La Cour va passer ensuite à l’examen de la discrimination indirecte – bien que cela ne lui avait pas été demandé par la Cour de cassation belge. Afin de déduire de la différence de traitement opérée un caractère discriminatoire ou, à l’inverse, de lui trouver une justification objective, la Cour procède au test de proportionnalité. Elle examine d’abord l’objectif de l’interdiction de porter tout signe convictionnel. Selon la Cour, la volonté d’afficher une image de neutralité est un objectif légitime pour un employeur. L’interdiction du port de tout signe convictionnel est par conséquent un moyen approprié pour atteindre cet objectif de neutralité et n’interdire le port de ces signes qu’aux travailleurs en contact avec les clients de l’entreprise constitue un moyen nécessaire.
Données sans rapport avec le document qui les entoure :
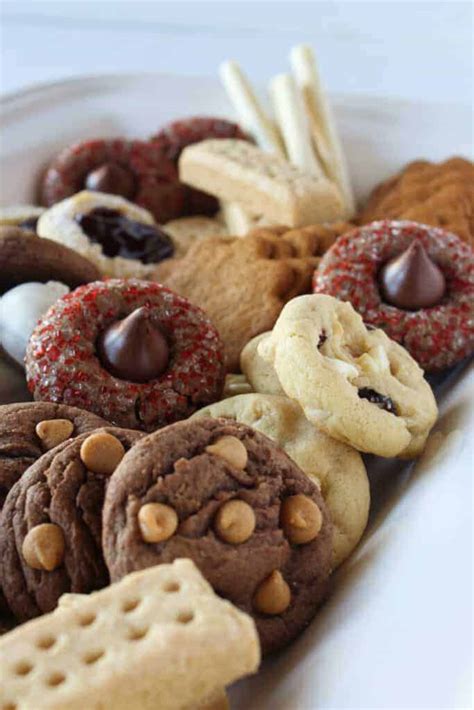 How to Make an Easy Holiday Cookie Tray | Practically Homemade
La Cour va enfin examiner dans quelle mesure la sanction attachée à cette interdiction, à savoir le licenciement de la travailleuse, était une mesure appropriée et nécessaire pour atteindre l’objectif de neutralité. La travailleuse était réceptionniste ; à ce titre, elle véhiculait directement l’image de l’entreprise. En arborant un foulard islamique, la neutralité escomptée par l’employeur n’était plus. La licencier était donc un moyen approprié. La Cour conclut son analyse en se demandant s’il n’eut pas été tout aussi efficace d’octroyer à cette travailleuse un autre poste dans l’entreprise tout en précisant par ailleurs qu’une telle modification de poste ne doit pas entraîner de charge supplémentaire pour l’employeur. Or, dans les faits, la modification du poste aurait de facto entraîné une charge supplémentaire pour l’employeur. La Cour confirme dès lors le caractère nécessaire du licenciement.

Retenons de ces arrêts que la liberté d’entreprise dont jouissent les employeurs et au nom de laquelle ils ont le droit d’imposer à leurs travailleurs une neutralité vestimentaire a le même poids – aux yeux de la Cour – que la liberté pour un travailleur de ne pas être discriminé sur la base de sa religion. Cette liberté d’entreprise n’est donc plus un simple objectif légitime permettant de justifier une différence de traitement ; elle est élevée au rang de droit fondamental, sur un pied d’égalité avec la liberté de religion.

L’image que souhaite renvoyer l’entreprise à ses clients fait partie des aspects de cette liberté d’entreprise et constitue, en conséquence, ledit objectif légitime justifiant une différence de traitement.

La Cour a cependant pris la peine d’instituer un garde-fou à ce propos : invoquer l’image de l’entreprise ne peut pas justifier n’importe quelle différence de traitement basée sur les convictions des travailleurs, le contact avec la clientèle de l’entreprise constitue la pierre angulaire du raisonnement de la Cour et le cœur de la justification du traitement différencié.